The evolved activity of P2 results from three mutations; F598I, I614F, and Q489H. Gln489 was not included in the designed library and the His residue was presumably introduced by spontaneous mutation. In the wild-type enzyme Gln489 forms a salt-bridge with the DNA phosphate backbone at the –8 position.10
Phe598 is a conserved residue at the interface of the palm and thumb subdomains, which are both important for substrate recognition and catalysis.10
Thus, while the residue at this position does not directly contact the DNA, it may mediate important long range interactions. Ile614 is part of the highly conserved motif A of the DNA pol I family, and along with Phe667 and Tyr671, forms part of a hydrophobic pocket that packs on the sugar ring of the incoming dNTP.10
Mutation to Phe at this position may improve self-pair recognition by increasing favorable π-stacking interactions with the large aromatic ring of PICS
P2 both synthesizes and extends the PICS self-pair with reasonable efficiency and fidelity whereas the parental enzyme is unable to catalyze either step at detectable rates. In fact, the evolved enzyme synthesizes the self-pair only ~10-fold less efficiently than the parental enzyme synthesizes a natural base pair in the same sequence context. The increase in extension rate was only 30-fold, and only observable under pre-steady state conditions. This suggests that extension of the PICS self-pair may be limited by a step other than bond formation, such as primer-template binding, duplex dissociation, or conformational changes in the polymerase. The evolved properties of P2, as well as the observed mutations, are consistent with an increased affinity for the DNA primer-template containing the self-pair. Increased affinity for DNA in general might also underlie the 100 fold increased rate of P2-mediated synthesis of natural DNA. A more thorough examination of this hypothesis is currently in progress.

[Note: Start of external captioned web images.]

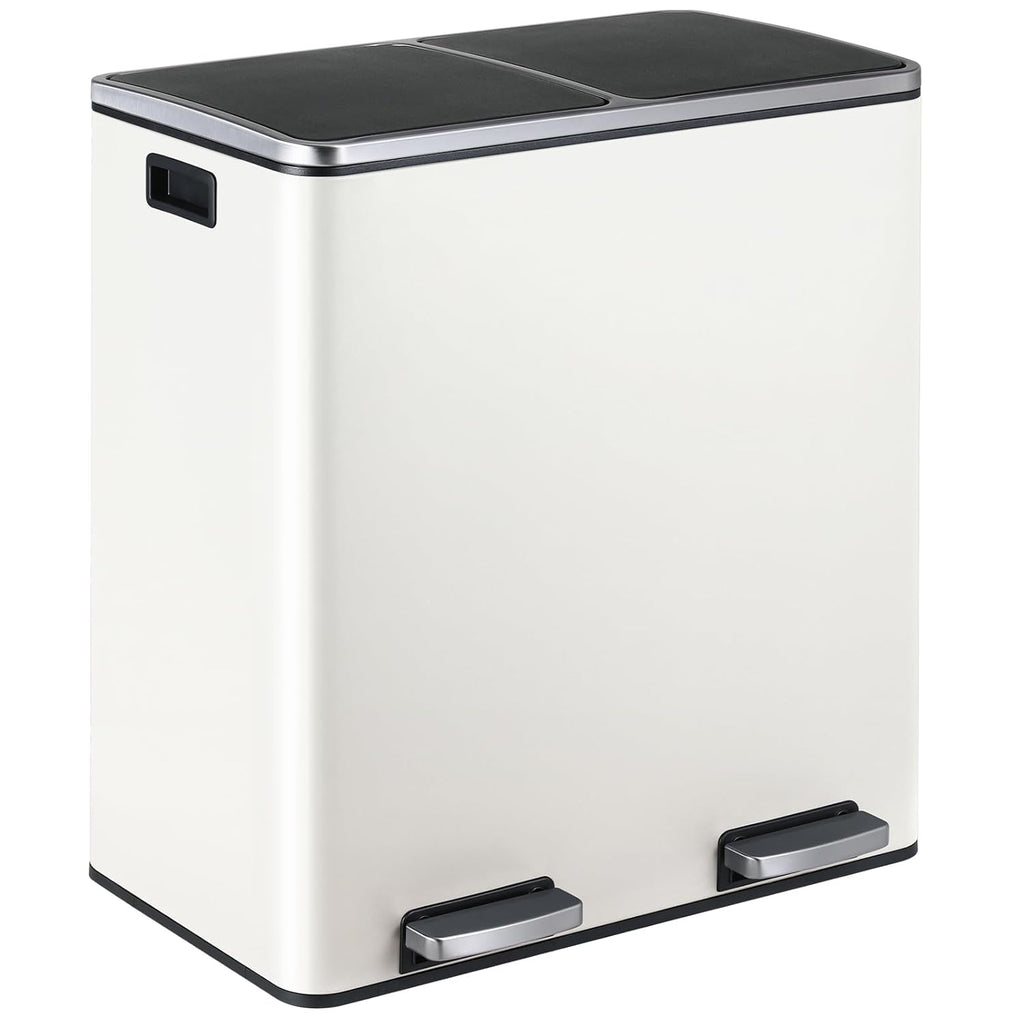 16 Gallon Rectangular Stainless Steel Trash Can, Dual Compartment Garbage Bin with Recycling Combo, Metal Dustbin Lid, Removable Liner, Indoor Hands Free Waste Bucket for Kitchen Home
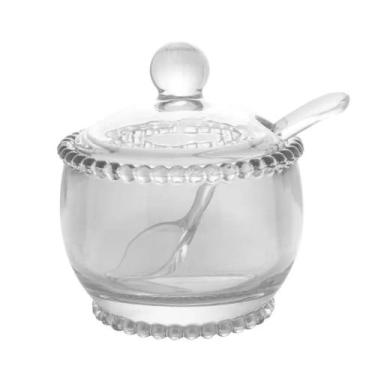 Imagem de Açucareiro Cristal com Colher Coração 9,5x12cm Lyor, Transparente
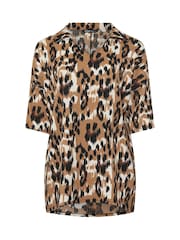 Yours Curve Natural Abstract Structured Jersey Tunics - Image 5 of 5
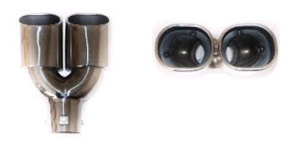 Насадка глушителя из нержавеющей стали (L-242мм,D-60мм,B(ширина выходного патрубка-188мм)  NG-016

P2 represents the first polymerase evolved to possess an altered nucleobase substrate repertoire, albeit a not yet optimized one. The results suggest that with suitably designed experiments, involving more stringent selection criteria or gene shuffled libraries, the selection system should be capable of evolving polymerases with truly expanded repertoires. The ability to evolve polymerases, specifically tailored for an unnatural base pair, will not only facilitate the effort to expand the genetic alphabet, but will also help develop polymerases with a variety of unnatural activities for novel sequencing methodologies and other biotechnology applications.